|Publication number||US5369459 A|
|Application number||US 07/771,737|
|Publication date||Nov 29, 1994|
|Filing date||Oct 4, 1991|
|Priority date||Oct 4, 1991|
|Also published as||EP0610319A1, EP0610319A4, WO1993007536A1|
|Publication number||07771737, 771737, US 5369459 A, US 5369459A, US-A-5369459, US5369459 A, US5369459A|
|Inventors||Thomas P. Muchisky, Warren G. Fischer, Leonard Krystal|
|Original Assignee||Fischer Industries, Inc.|
|Export Citation||BiBTeX, EndNote, RefMan|
|Patent Citations (9), Referenced by (1), Classifications (6), Legal Events (5)|
|External Links: USPTO, USPTO Assignment, Espacenet|
This invention relates, generally, to automatic film, processor apparatuses and, more particularly, to an improved solution filling system for such devices.
As is known in the art, in the typical film processor apparatus, the film is conveyed through the processor tanks in either a horizontal, vertical or serpentine path by spaced pairs of transport rollers, or between mesh-web carrier belts. As the film is conveyed through the apparatus, it is sequentially immersed in a developer solution, a fixer solution and water. Thereafter, the film is dried and dispensed from the apparatus.
The developer and fixer solutions and water are contained in separate tanks located in the processor housing. In the horizontal path apparatus, the liquids are pumped from the tanks into roller racks located above the tanks, thereby to contact the film as it passes through the roller racks. The liquids drain from the roller racks back into the tanks, such that the liquids are continuously recirculated. In the vertical path, and the serpentine path devices, the transport rollers or mesh-web carrier belts convey the film directly into the tanks where the film is submerged in the liquids. As will be apparent, in all types of film processing apparatus, the liquid levels in the tanks will gradually diminish as the liquids wet the film and as the liquids evaporate. As a result, it is necessary for the apparatus operator to fill all tanks initially, once monthly for example, and then, to replenish the liquids periodically. In some types of processor apparatus, this replenishment is accomplished automatically, by the use of sensing and pumping systems or by gravity-feed systems employing overhead-mounted inverted jugs. These automatic replenishment systems tend to be either expensive or prone to operational problems, or both.
In the known non-automatic-replenishment processors, the developer solutions and fixer solutions are replenished by manually removing the top lid or upper housing of the apparatus, to expose the tanks therein, in order to visually observe the amount of replenishment required, and in order to visually observe the condition of the solutions (i.e. the color of each is an indication of solution efficacy). Developer solutions and fixer solutions are then added to their respective tanks by lifting jugs of each solution above the apparatus, and pouring solutions down into the respective tanks. This same procedure is also required when initially filling the tanks in automatic-replenishment processor apparatus, and after each monthly draining and cleaning. Water is normally fed directly into the water tank via plumbing connections from a water tap.

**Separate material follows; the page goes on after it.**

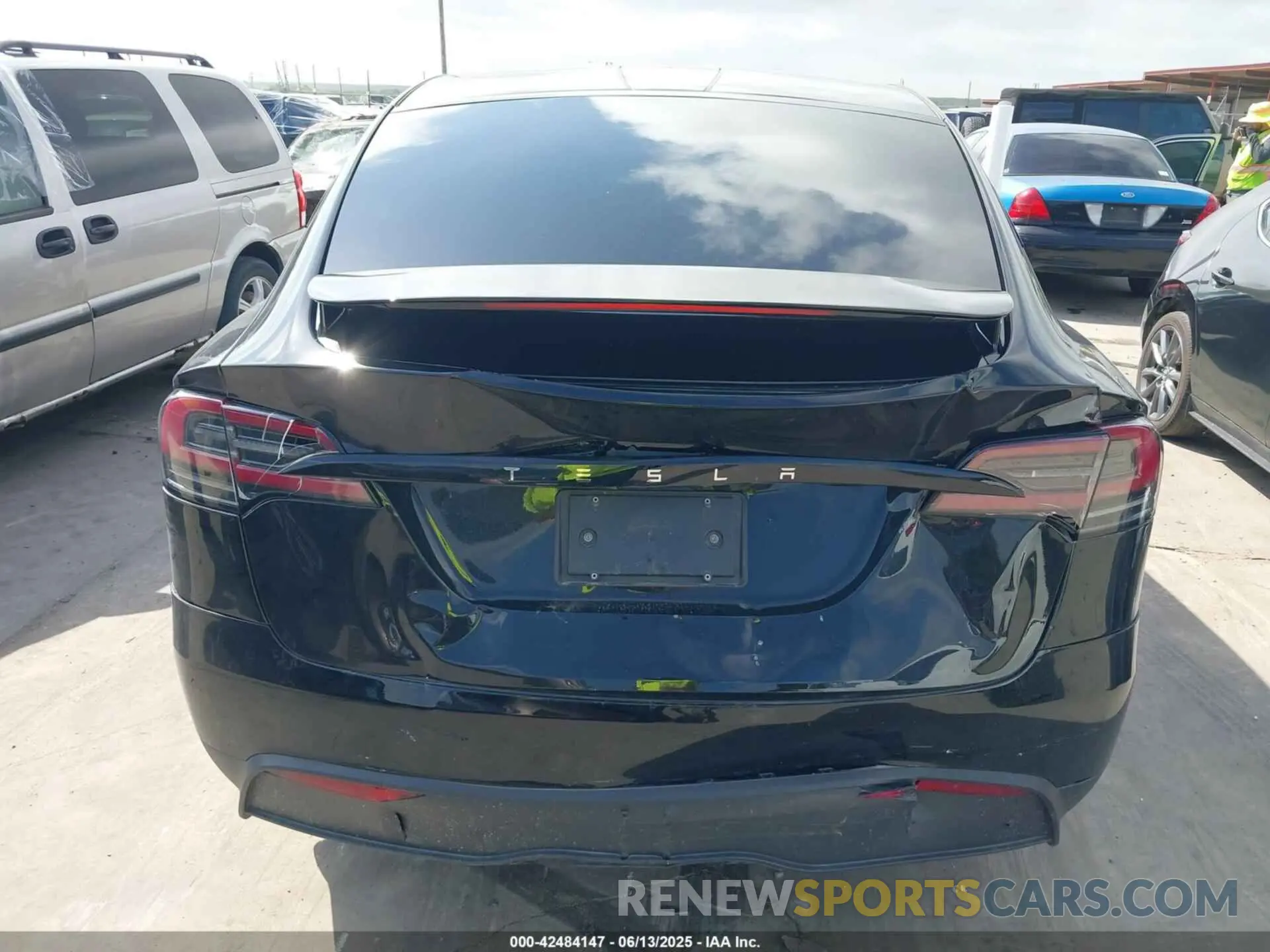 6 Photograph of a damaged car 7SAXCAE59PF400623 TESLA MODEL X 2023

Removal of the top lid or upper housing is somewhat time consuming and cumbersome, but the far more critical problems involved in initial filling and manual replenishment are: (1) lifting of the jugs over the apparatus is difficult, due to the weight of the solutions in the jugs, and; (2) it is very difficult to pour the solutions into their respective tanks without some degree of splashing, and developer and fixer solutions are highly incompatible, such that the splashing of even small amounts of fixer into the developer tank contaminates the developer, causing major processing problems in machine operation.
Thus, an improved filling system for the manual filling of, and replenishment of, developer and fixer solutions in automatic film processor apparatuses is desired.

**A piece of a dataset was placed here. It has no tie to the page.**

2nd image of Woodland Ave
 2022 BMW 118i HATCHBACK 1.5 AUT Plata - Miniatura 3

One object of this invention is to provide a film processor which is easily filled and replenished with film developing and fixing solutions.
Another object is to provide such a film processor wherein the levels of and the condition of the solutions within the processor are easily observed.

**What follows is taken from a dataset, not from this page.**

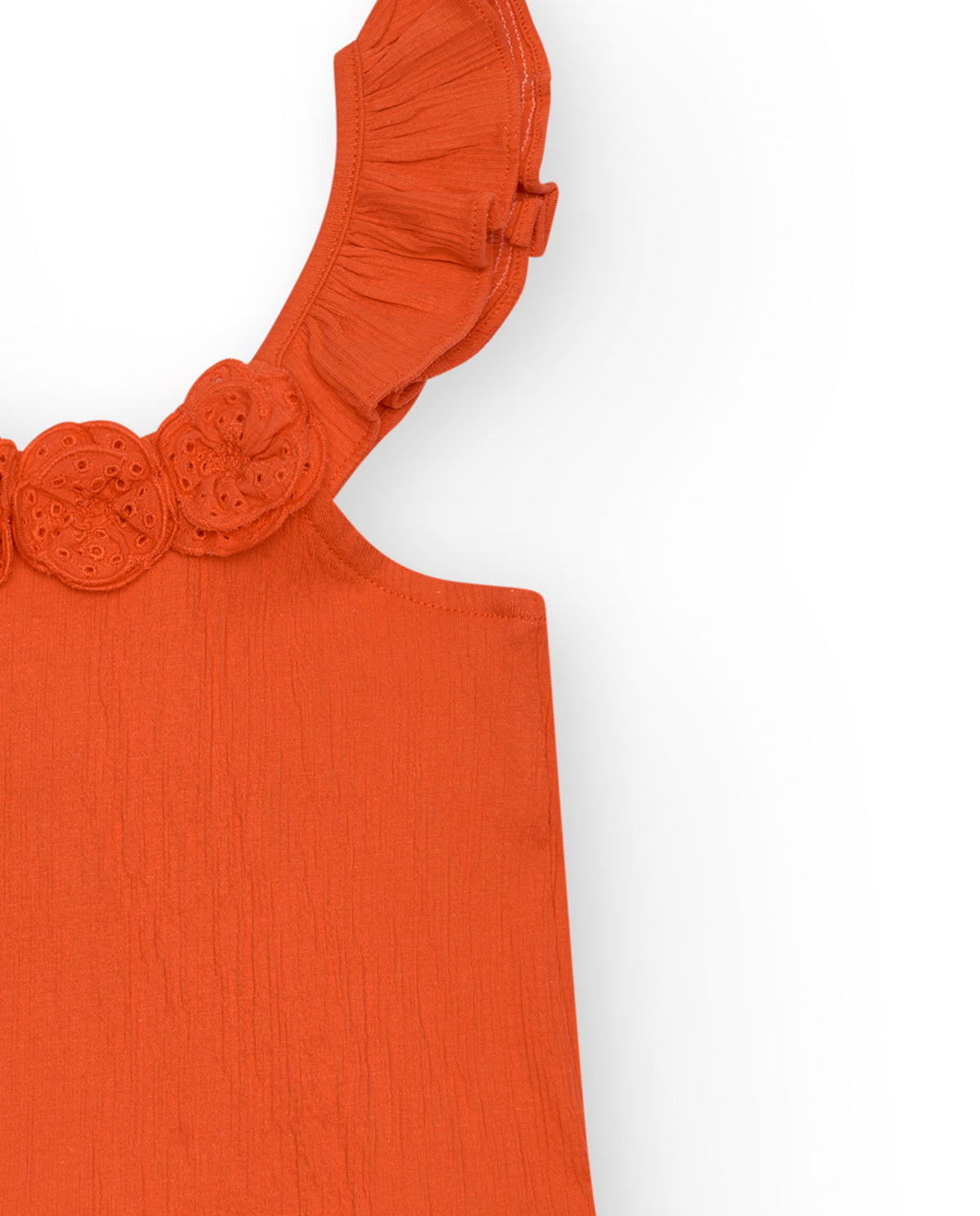 Camiseta para niña en naranja con volantes y bordados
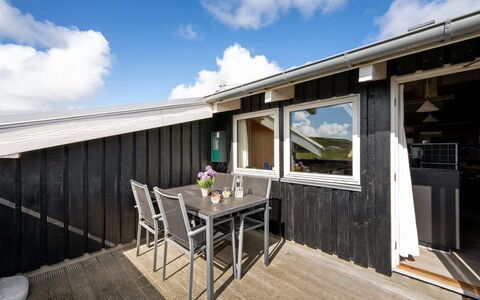 Friedel - 150M from the Sea: Dak, Land Lot, Verblijf, Huis, Landelijk Gebied, Schuur, Siding, Garden Gebouwen, Blokhut, Hut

Another object is to provide such a film processor which substantially reduces the possibility of cross-contamination of the film developing and fixing solutions and to eliminate any possibility of overflowing of the solutions within the interior of the processor.
Other objects will become apparent to those skilled in the art upon a review of the following disclosure and accompanying drawings.
The filling system of the invention overcomes the above-noted shortcomings of the prior art and consists of a pair of fill buckets conveniently located on the front of the processor apparatus. The fill buckets are connected to the solution tanks by fill tubes, such that solution in the fill buckets are delivered to the respective solution tanks within the apparatus as the solution is manually added to the fill buckets. The fill buckets are physically separated from each other so that splashing of one solution into the other is virtually impossible. Moreover, the level of, and condition of, the solutions is readily visible to the operator, without requiring removal of the processor top lids or upper housing. Equally important, the manual addition of solutions to the fill buckets is easy, due to their front location and lower height. The fill buckets are provided with operable lids to minimize solution evaporation and to prevent debris or contaminants from entering the fill-buckets, and with solution-level indicators and with an overflow device. The overflow device insures that solution overflow within the apparatus is virtually impossible.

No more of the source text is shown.